Directions for this task: Where an image appears in the data, omit it and reproduce the rest exactly.

Crawled caption data:
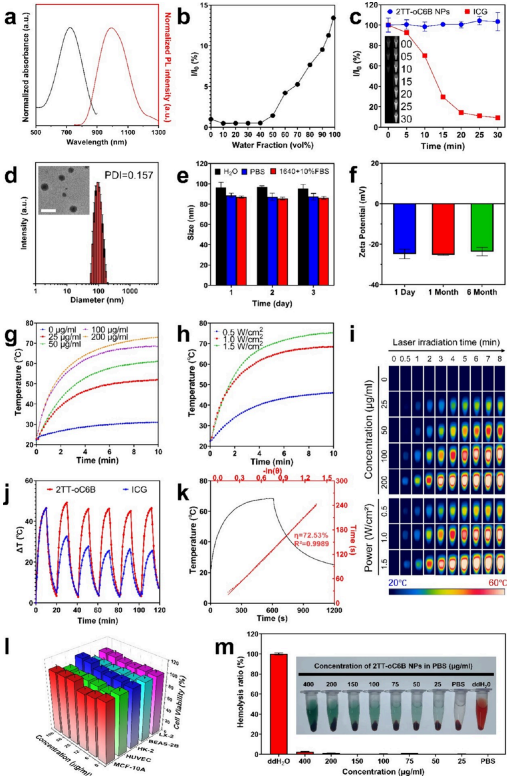 Organic Radiosensitizer with Aggregation-Induced Emission Characteristics for Tumor Ablation through Synergistic Apoptosis and Immunogenic Cell Death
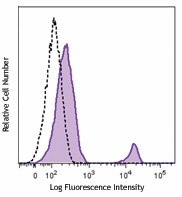 FITC anti-human CD37 Antibody (356303)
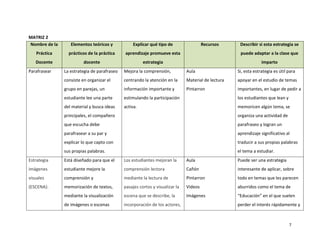 MATRIZ 2
Nombre de la      Elementos teóricos y           Explicar qué tipo de                  Recursos      Describir si esta estrategia se
   Práctica      prácticos de la práctica    aprendizaje promueve esta                               puede adaptar a la clase que
   Docente               docente                       estrategia                                                imparto
Parafrasear    La estrategia de parafraseo   Mejora la comprensión,           Aula                  Si, esta estrategia es útil para
               consiste en organizar el      centrando la atención en la      Material de lectura   apoyar en el estudio de temas
               grupo en parejas, un          información importante y         Pintarron             importantes, en lugar de pedir a
               estudiante lee una parte      estimulando la participación                           los estudiantes que lean y
               del material y busca ideas    activa.                                                memoricen algún tema, se
               principales, el compañero                                                            organiza una actividad de
               que escucha debe                                                                     parafraseo y logran un
               parafrasear a su par y                                                               aprendizaje significativo al
               explicar lo que capto con                                                            traducir a sus propias palabras
               sus propias palabras.                                                                el tema a estudiar.
Estrategia     Está diseñado para que el     Los estudiantes mejoran la       Aula                  Puede ser una estrategia
imágenes       estudiante mejore la          comprensión lectora              Cañón                 interesante de aplicar, sobre
visuales       comprensión y                 mediante la lectura de           Pintarron             todo en temas que les parecen
(ESCENA):      memorización de textos,       pasajes cortos y visualizar la   Videos                aburridos como el tema de
               mediante la visualización     escena que se describe, la       Imágenes              “Educación” en el que suelen
               de imágenes o escenas         incorporación de los actores,                          perder el interés rápidamente y



                                                                                                                                 7
 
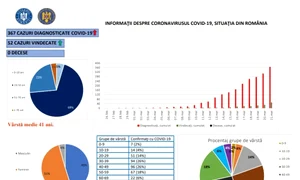 coronavirus 21 martie jpeg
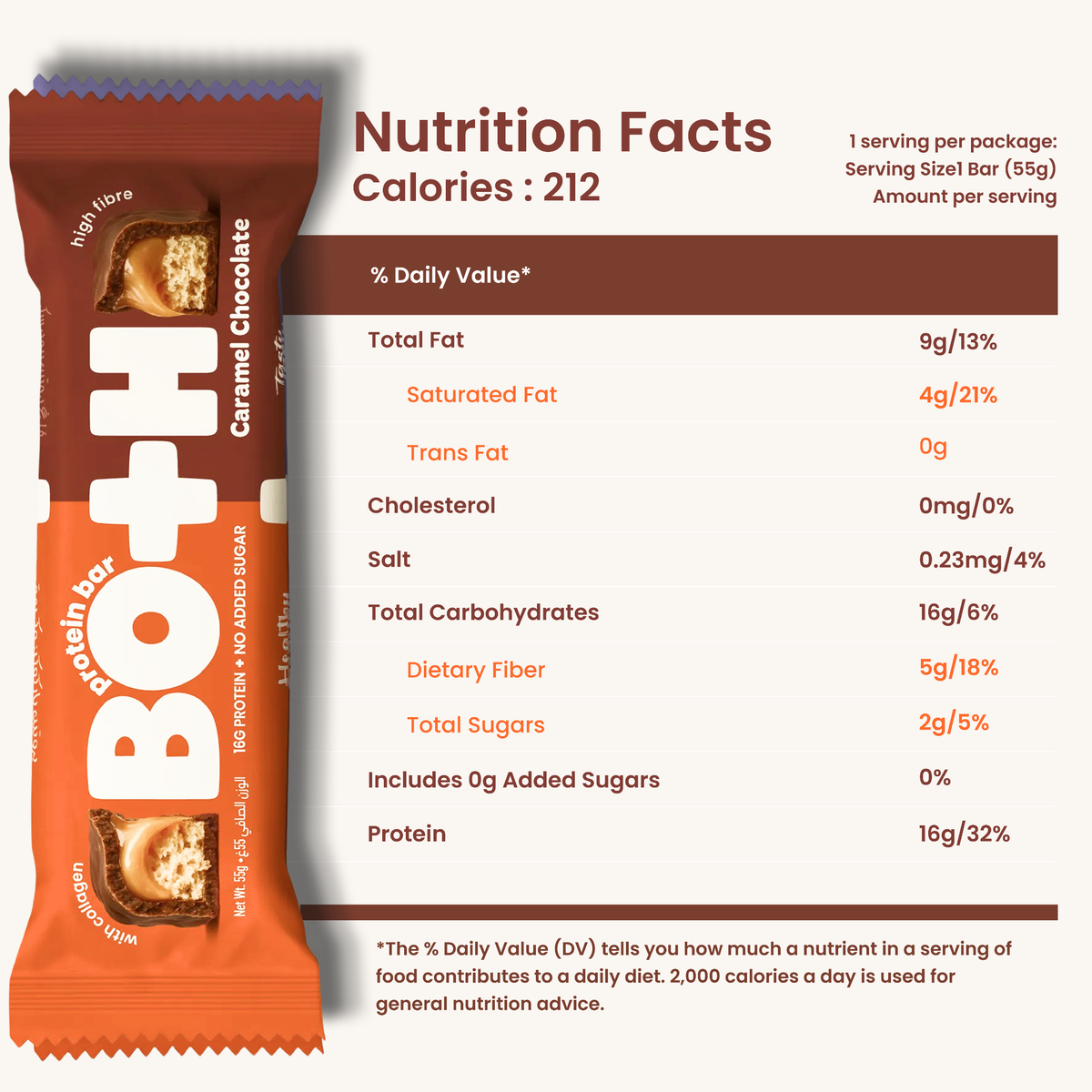 BOTH Caramel Chocolate Protein Bar | 55g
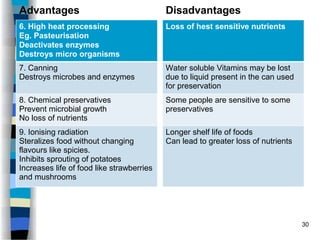 Advantages
6. High heat processing
Eg. Pasteurisation
Deactivates enzymes
Destroys micro organisms
7. Canning
Destroys microbes and enzymes
8. Chemical preservatives
Prevent microbial growth
No loss of nutrients
9. Ionising radiation
Steralizes food without changing
flavours like spicies.
Inhibits sprouting of potatoes
Increases life of food like strawberries
and mushrooms
Disadvantages
Loss of hest sensitive nutrients
Water soluble Vitamins may be lost
due to liquid present in the can used
for preservation
Some people are sensitive to some
preservatives
Longer shelf life of foods
Can lead to greater loss of nutrients
30
 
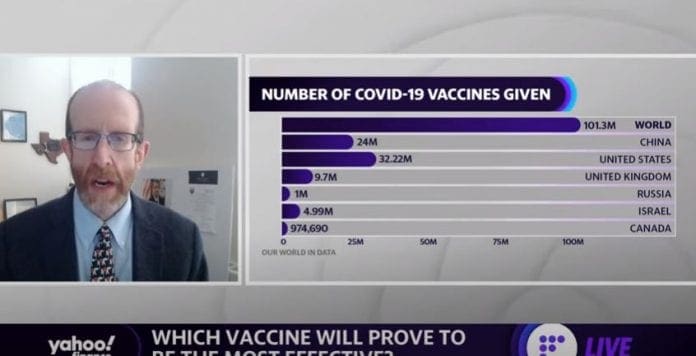 Coronavirus: Yale professor of public health discusses variants, vaccines, and mask wearing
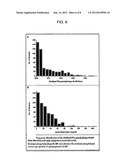 METHODS FOR ASSESSING ATHEROGENESIS BY DETERMINING OXIDIZED PHOSPHOLIPID     TO APOLIPOPROTEIN B RATIOS diagram and image
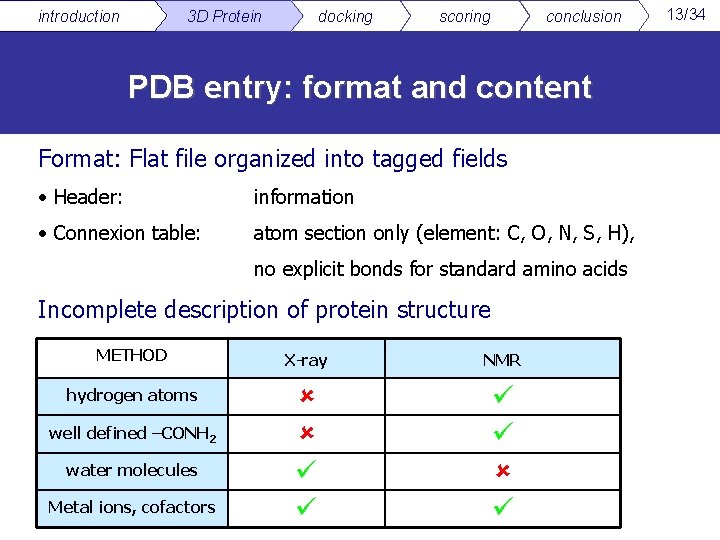 introduction 3 D Protein docking scoring conclusion PDB entry: format and content Format: Flat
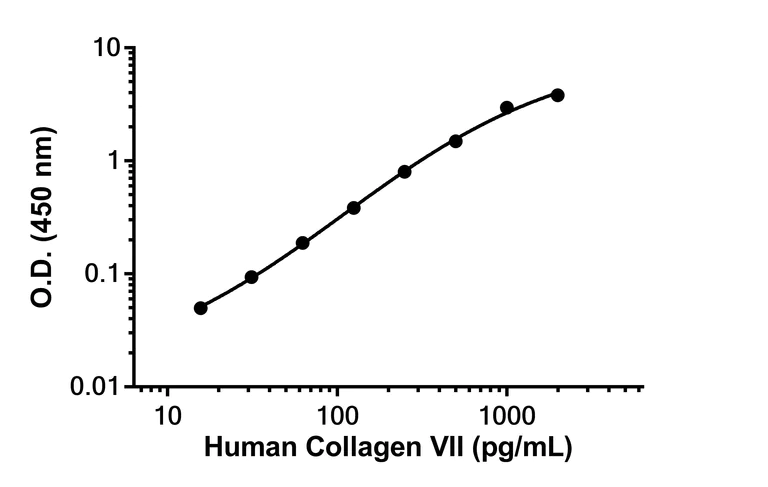 Sandwich ELISA - Human Collagen VII Antibody Pair - BSA and Azide free (AB307906)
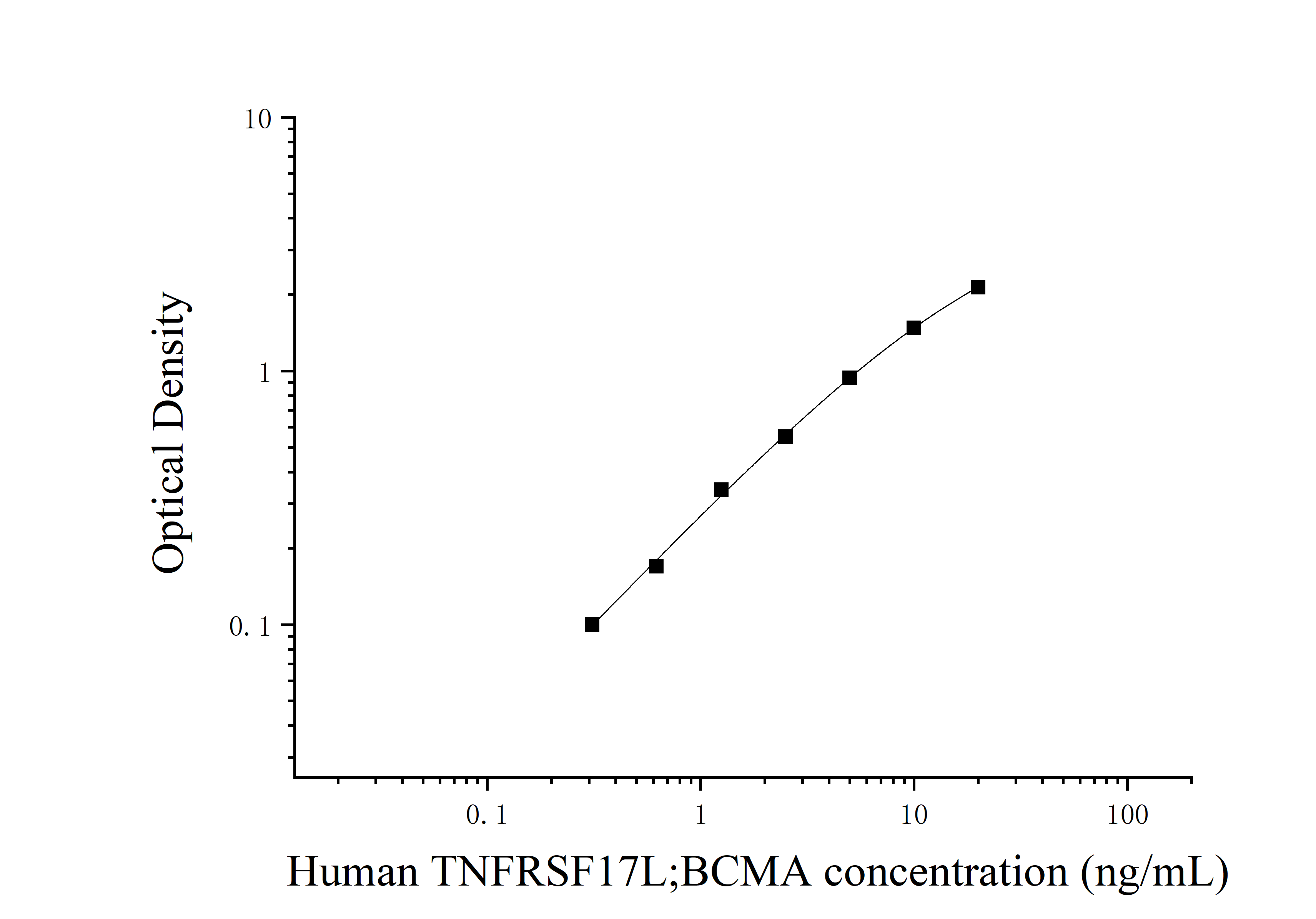 ELIAS Data Human Tumor Necrosis Factor Receptor Superfamily, Member 17 (TNFRSF17;BCMA)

Answer box:
 Organic Radiosensitizer with Aggregation-Induced Emission Characteristics for Tumor Ablation through Synergistic Apoptosis and Immunogenic Cell Death
 FITC anti-human CD37 Antibody (356303)
 MATRIZ 2
Nombre de la      Elementos teóricos y           Explicar qué tipo de                  Recursos      Describir si esta estrategia se
   Práctica      prácticos de la práctica    aprendizaje promueve esta                               puede adaptar a la clase que
   Docente               docente                       estrategia                                                imparto
Parafrasear    La estrategia de parafraseo   Mejora la comprensión,           Aula                  Si, esta estrategia es útil para
               consiste en organizar el      centrando la atención en la      Material de lectura   apoyar en el estudio de temas
               grupo en parejas, un          información importante y         Pintarron             importantes, en lugar de pedir a
               estudiante lee una parte      estimulando la participación                           los estudiantes que lean y
               del material y busca ideas    activa.                                                memoricen algún tema, se
               principales, el compañero                                                            organiza una actividad de
               que escucha debe                                                                     parafraseo y logran un
               parafrasear a su par y                                                               aprendizaje significativo al
               explicar lo que capto con                                                            traducir a sus propias palabras
               sus propias palabras.                                                                el tema a estudiar.
Estrategia     Está diseñado para que el     Los estudiantes mejoran la       Aula                  Puede ser una estrategia
imágenes       estudiante mejore la          comprensión lectora              Cañón                 interesante de aplicar, sobre
visuales       comprensión y                 mediante la lectura de           Pintarron             todo en temas que les parecen
(ESCENA):      memorización de textos,       pasajes cortos y visualizar la   Videos                aburridos como el tema de
               mediante la visualización     escena que se describe, la       Imágenes              “Educación” en el que suelen
               de imágenes o escenas         incorporación de los actores,                          perder el interés rápidamente y



                                                                                                                                 7
 
 coronavirus 21 martie jpeg
 BOTH Caramel Chocolate Protein Bar | 55g
 Advantages
6. High heat processing
Eg. Pasteurisation
Deactivates enzymes
Destroys micro organisms
7. Canning
Destroys microbes and enzymes
8. Chemical preservatives
Prevent microbial growth
No loss of nutrients
9. Ionising radiation
Steralizes food without changing
flavours like spicies.
Inhibits sprouting of potatoes
Increases life of food like strawberries
and mushrooms
Disadvantages
Loss of hest sensitive nutrients
Water soluble Vitamins may be lost
due to liquid present in the can used
for preservation
Some people are sensitive to some
preservatives
Longer shelf life of foods
Can lead to greater loss of nutrients
30
 
 Coronavirus: Yale professor of public health discusses variants, vaccines, and mask wearing
 METHODS FOR ASSESSING ATHEROGENESIS BY DETERMINING OXIDIZED PHOSPHOLIPID     TO APOLIPOPROTEIN B RATIOS diagram and image
 introduction 3 D Protein docking scoring conclusion PDB entry: format and content Format: Flat
 Sandwich ELISA - Human Collagen VII Antibody Pair - BSA and Azide free (AB307906)
 ELIAS Data Human Tumor Necrosis Factor Receptor Superfamily, Member 17 (TNFRSF17;BCMA)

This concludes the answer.